Associate Justice of the New Jersey Supreme Court
- In office 1957–1973
- Preceded by: Joseph Weintraub
- Succeeded by: Mark A. Sullivan

New Jersey Appellate Court Judge
- In office 1952–1957

Essex County Court of Common Pleas Judge
- In office 1948–1952

South Orange Village Trustee
- In office 1942–1944

Personal details
- Born: June 19, 1903 East Orange, New Jersey
- Died: July 5, 1984 (aged 81) Summit, New Jersey
- Party: Democratic
- Spouse: Penelope C. Francis
- Children: John J. Francis, Jr. Hugh P. Francis Cynthia Weber
- Alma mater: Rutgers University Law School
- Occupation: Lawyer

= John J. Francis (judge) =

American judge

John Joseph Francis (June 19, 1903 – July 5, 1984) was an American Democratic Party politician and jurist who served as an associate justice of the New Jersey Supreme Court from 1957 until his retirement in 1972.

==Early life==
Francis was born on June 19, 1903, in East Orange, New Jersey. He received a law degree from Rutgers University Law School in 1925 and a master's degree in law from New York University Law School in 1947. He was admitted to the bar in 1926. He served as President of the Essex County Bar Association from 1942 to 1943, and as an Associate Editor of The New Jersey Law Journal from 1944 until 1947 and again from 1973 until his death in 1984.

==Political career==
In 1940, Francis became a candidate for the New Jersey General Assembly. He finished 13th out of 24 candidates in a race for 12 Essex County Assembly seats. Francis was the top vote getter among the Democratic candidates, receiving 136,241 votes. One of his running mates in the 1940 legislative contest was Peter W. Rodino, who would go on to serve 40 years in Congress, 14 of them as chairman of the House Judiciary Committee.

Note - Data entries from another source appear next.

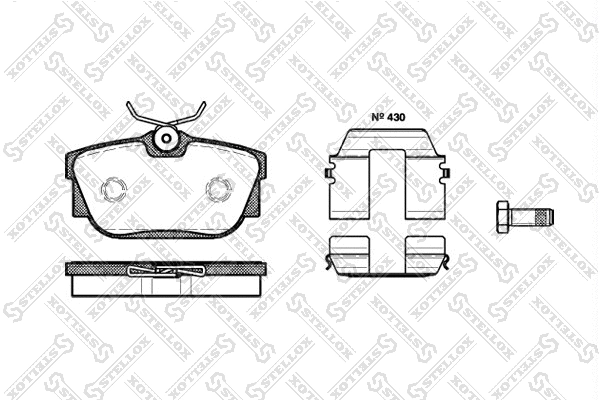 Brake Pad Set, disc brake (778 010B-SX)
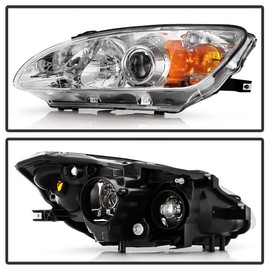 KEEKPO - For 2004 2005 2006 2007 2008 2009 Honda S2000 OE Style Chrome Projector Headlights Headlamps AP2 Set Left+Right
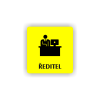 Cedule ředitel | Piktogram (čtverec)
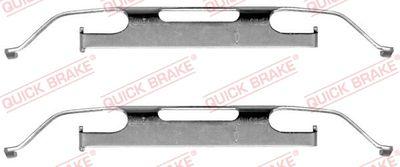 Bromssystem tillbehör - Tillbehörssats, skivbromsbelägg QUICK BRAKE 109-1223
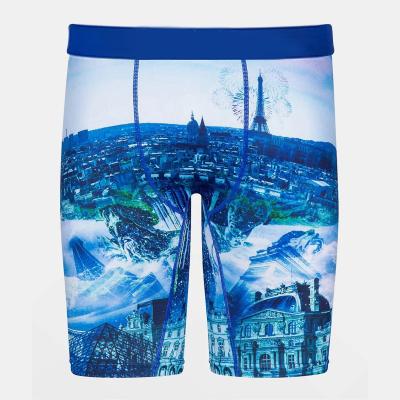 China Moq Breathable Custom Small Boxer Briefs Logo Sublimation Print Men Underwear Shorts Polyester Wholesale Supplier for sale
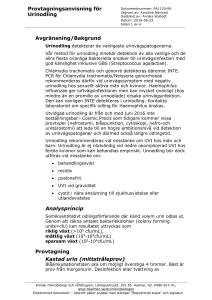 Provtagningsanvisning för Urinodling Avgränsning/Bakgrund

Francis was elected village trustee (councilman) in South Orange, New Jersey, in 1942.

In 1944, Francis became a candidate for the U.S. House of Representatives in New Jersey's 11th congressional district. Incumbent Republican Frank L. Sundstrom defeated him by 6,210 votes, 58,586 (51.73%) to 52,376 (46.25%).

==Judicial career==
Francis was appointed to serve as an advisory master of the Court of Chancery by Chancellor A. Dayton Oliphant in 1947. In 1948, Governor Alfred Driscoll, a Republican, nominated Francis to serve as a Judge of the Essex County Court of Common Pleas. He was elevated to the Appellate Division in 1952. In 1957, Governor Robert B. Meyner nominated him to serve as an associate justice of the New Jersey Supreme Court.

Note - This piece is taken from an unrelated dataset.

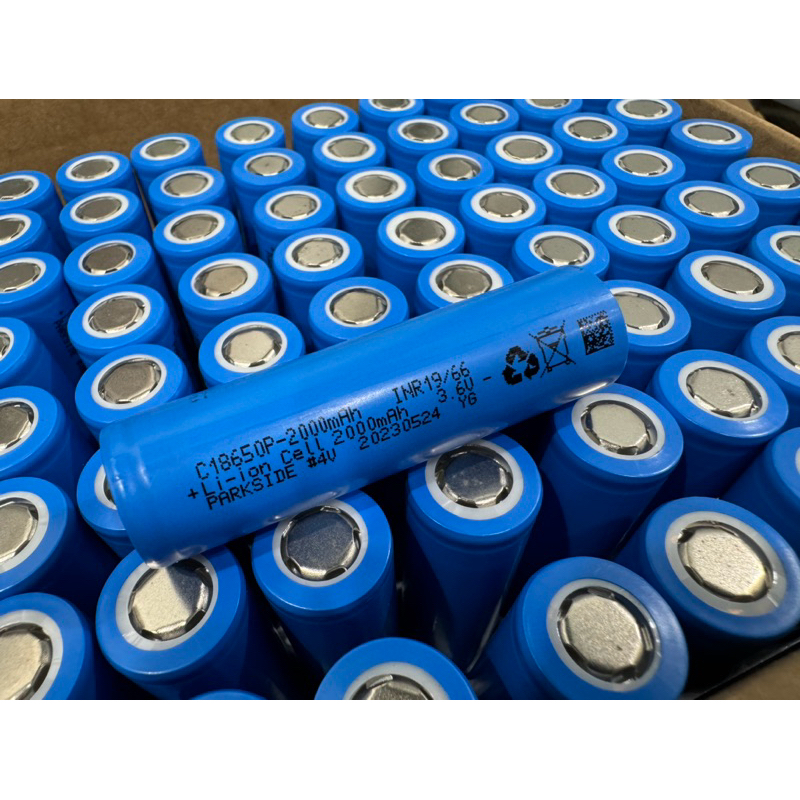 แบตลิเทียม 18650 2000mah 10C เหมาะกับเครื่องมือช่าง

In 1960, Francis wrote a unanimous opinion in Henningsen v. Bloomfield Motors, Inc., where the court ruled that automobile dealers and manufacturers were liable for defective cars despite a standard warranty intended to absolve them. This was considered a landmark decision in the expansion of product liability manufacturer's liabilities for defective products. He was also the author of a unanimous 1966 decision that the state could not seek the death penalty in the retrial of a convicted murderer who had already received a sentence of life in prison.

Among Francis' law clerks was John J. Degnan, who would later serve as Attorney General of New Jersey.

==Later years==
Francis retired in 1972, a year before he turned 70, the mandatory retirement age for Judges in New Jersey. He served as Of Counsel to the law firm of Francis & Berry. Governor Richard J. Hughes appointed him to serve as Chairman of a special State Advisory Committee on Judicial Conduct in 1974. The panel sought to insure the public of the state judicial system's "probity, objectivity and freedom from outside pressure of any kind." He also became an Associate Editor of The New Jersey Law Journal, a job he held in the 1940s. He also served on the New Jersey State Commission of Investigation (SCI).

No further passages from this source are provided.